== Task to complete ==
Copy out the data below from the line containing "雅鹿男装速干长袖t恤男秋季新款翻领印花宽松男士polo中老年爸爸装上衣 豆绿色 4XL" to the line containing "93X Merry Christmas", both lines included, with all images left out.

== Data for this task ==
===

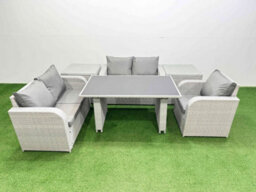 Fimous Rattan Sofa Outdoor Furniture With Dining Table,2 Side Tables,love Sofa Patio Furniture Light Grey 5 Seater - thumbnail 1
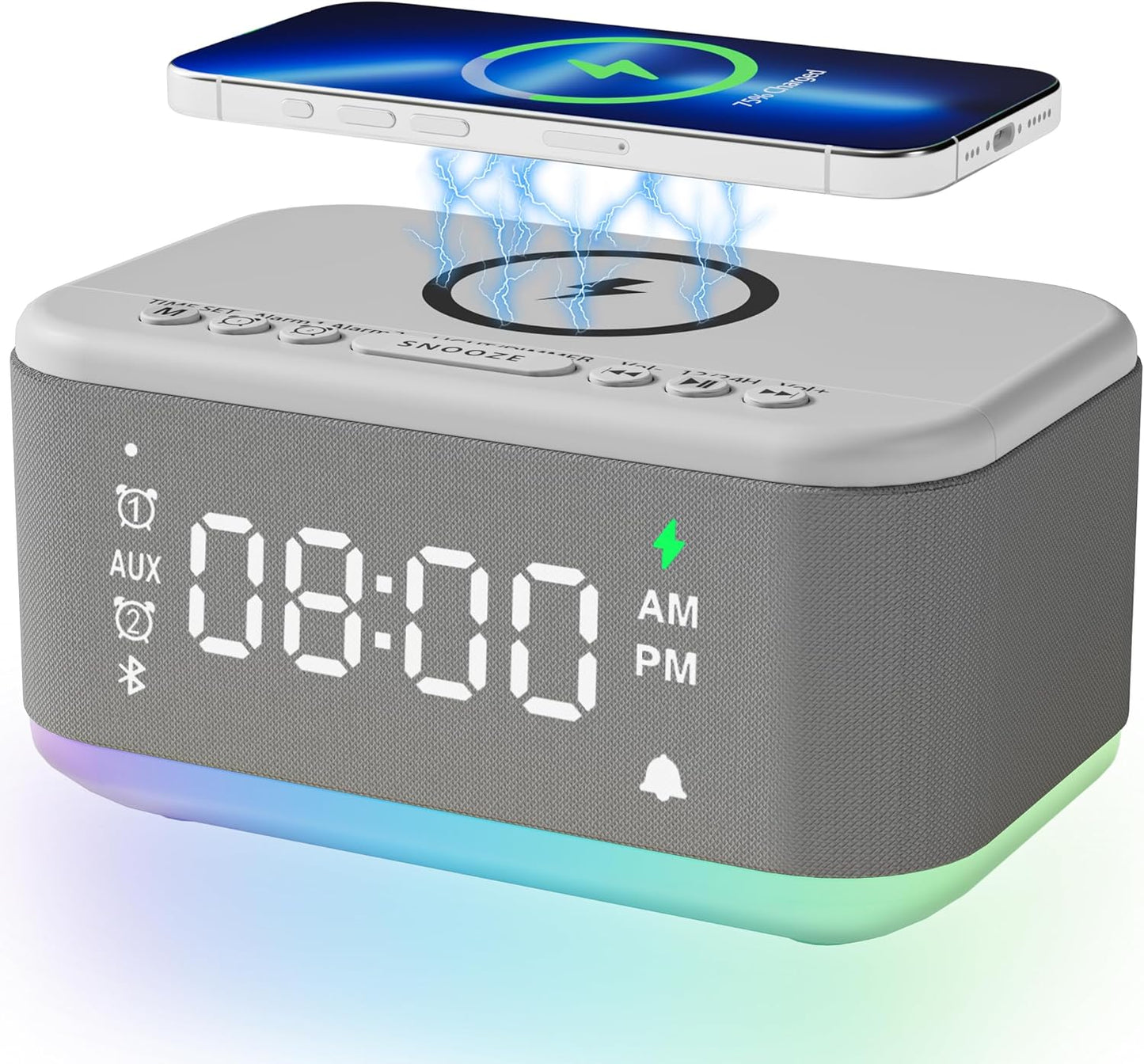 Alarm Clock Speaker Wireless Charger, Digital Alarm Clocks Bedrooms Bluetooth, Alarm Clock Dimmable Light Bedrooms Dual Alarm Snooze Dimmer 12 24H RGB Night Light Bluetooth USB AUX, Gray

===

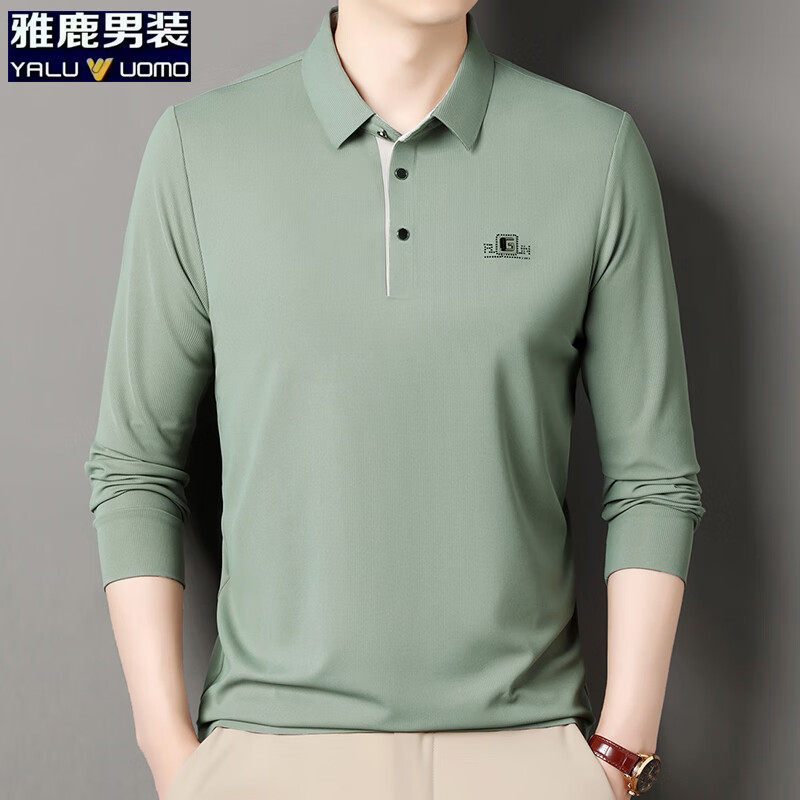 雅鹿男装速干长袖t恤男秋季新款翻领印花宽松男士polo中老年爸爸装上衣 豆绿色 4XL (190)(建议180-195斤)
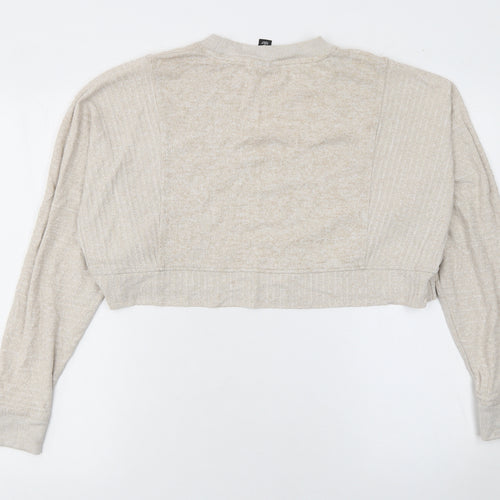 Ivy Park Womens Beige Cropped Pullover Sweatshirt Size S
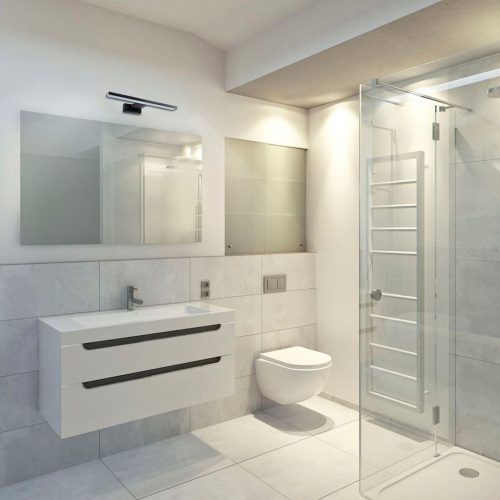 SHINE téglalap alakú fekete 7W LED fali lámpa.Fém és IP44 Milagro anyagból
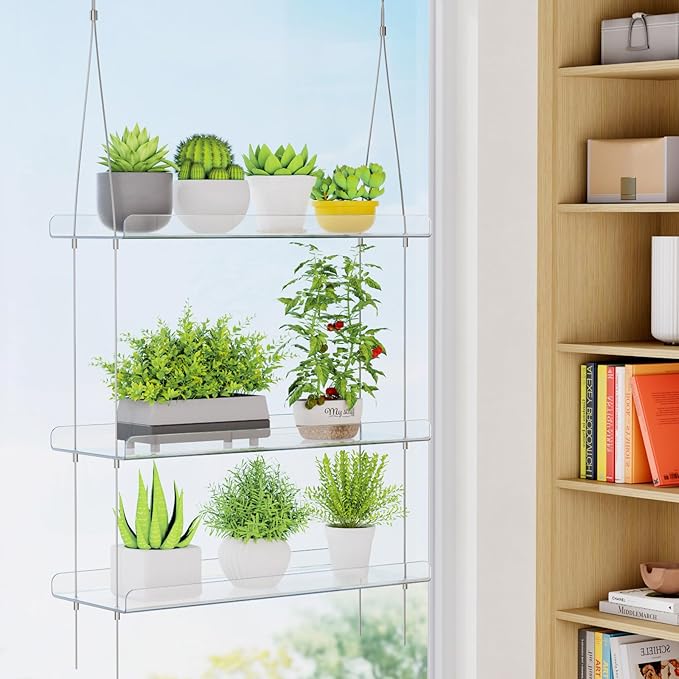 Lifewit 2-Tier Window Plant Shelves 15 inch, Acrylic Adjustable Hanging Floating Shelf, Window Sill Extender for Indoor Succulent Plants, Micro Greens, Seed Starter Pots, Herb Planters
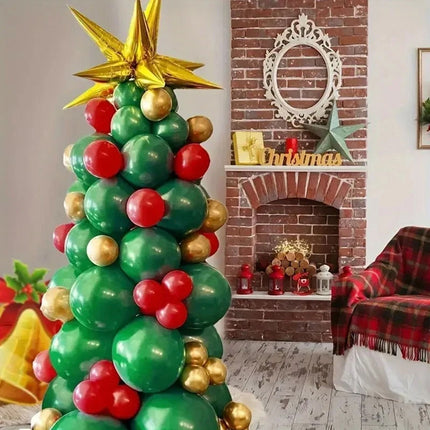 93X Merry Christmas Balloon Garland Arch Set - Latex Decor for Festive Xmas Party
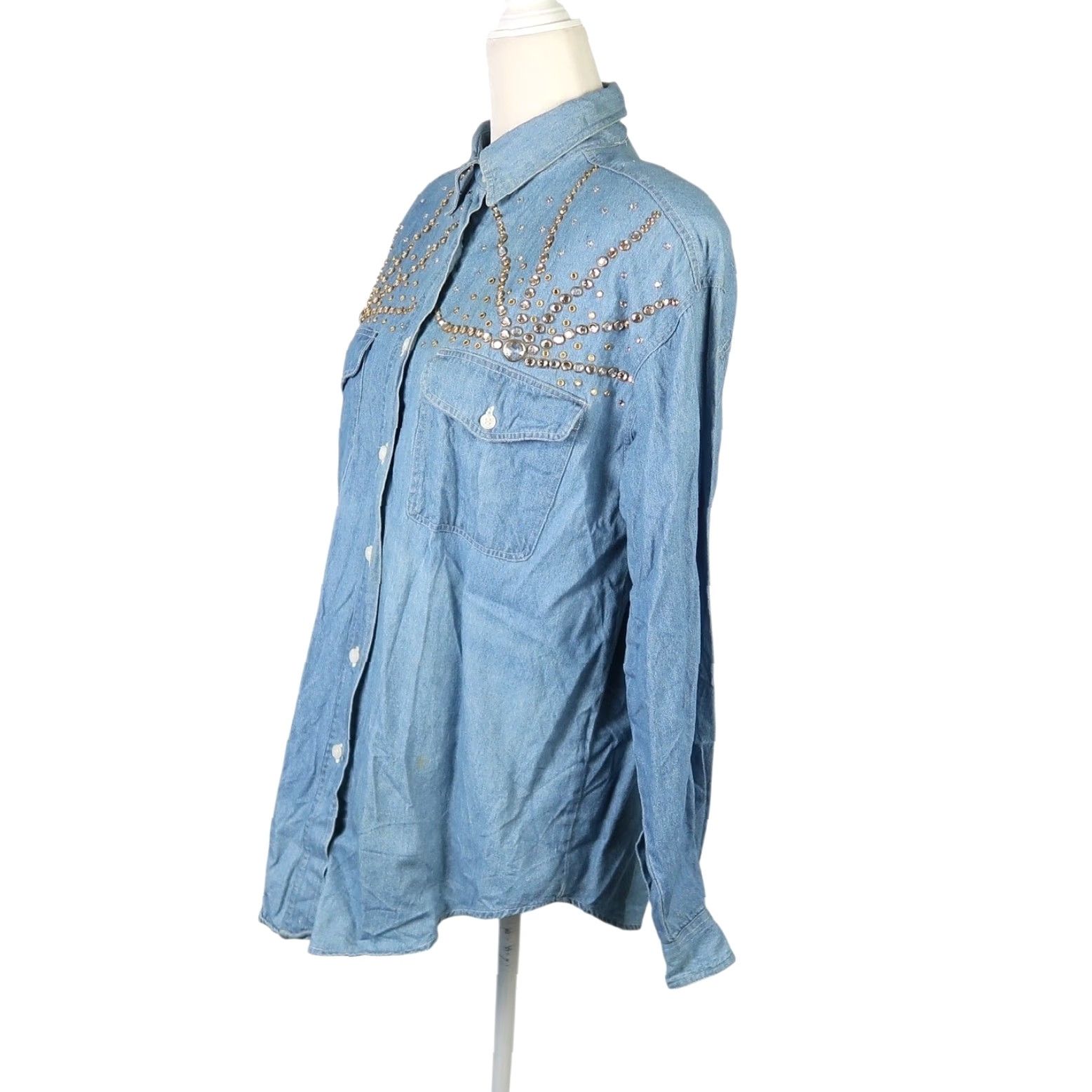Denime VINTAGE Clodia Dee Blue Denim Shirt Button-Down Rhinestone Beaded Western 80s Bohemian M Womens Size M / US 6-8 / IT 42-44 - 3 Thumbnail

===

== Result of the task ==
 雅鹿男装速干长袖t恤男秋季新款翻领印花宽松男士polo中老年爸爸装上衣 豆绿色 4XL (190)(建议180-195斤)
 Ivy Park Womens Beige Cropped Pullover Sweatshirt Size S
 SHINE téglalap alakú fekete 7W LED fali lámpa.Fém és IP44 Milagro anyagból
 Lifewit 2-Tier Window Plant Shelves 15 inch, Acrylic Adjustable Hanging Floating Shelf, Window Sill Extender for Indoor Succulent Plants, Micro Greens, Seed Starter Pots, Herb Planters
 93X Merry Christmas Balloon Garland Arch Set - Latex Decor for Festive Xmas Party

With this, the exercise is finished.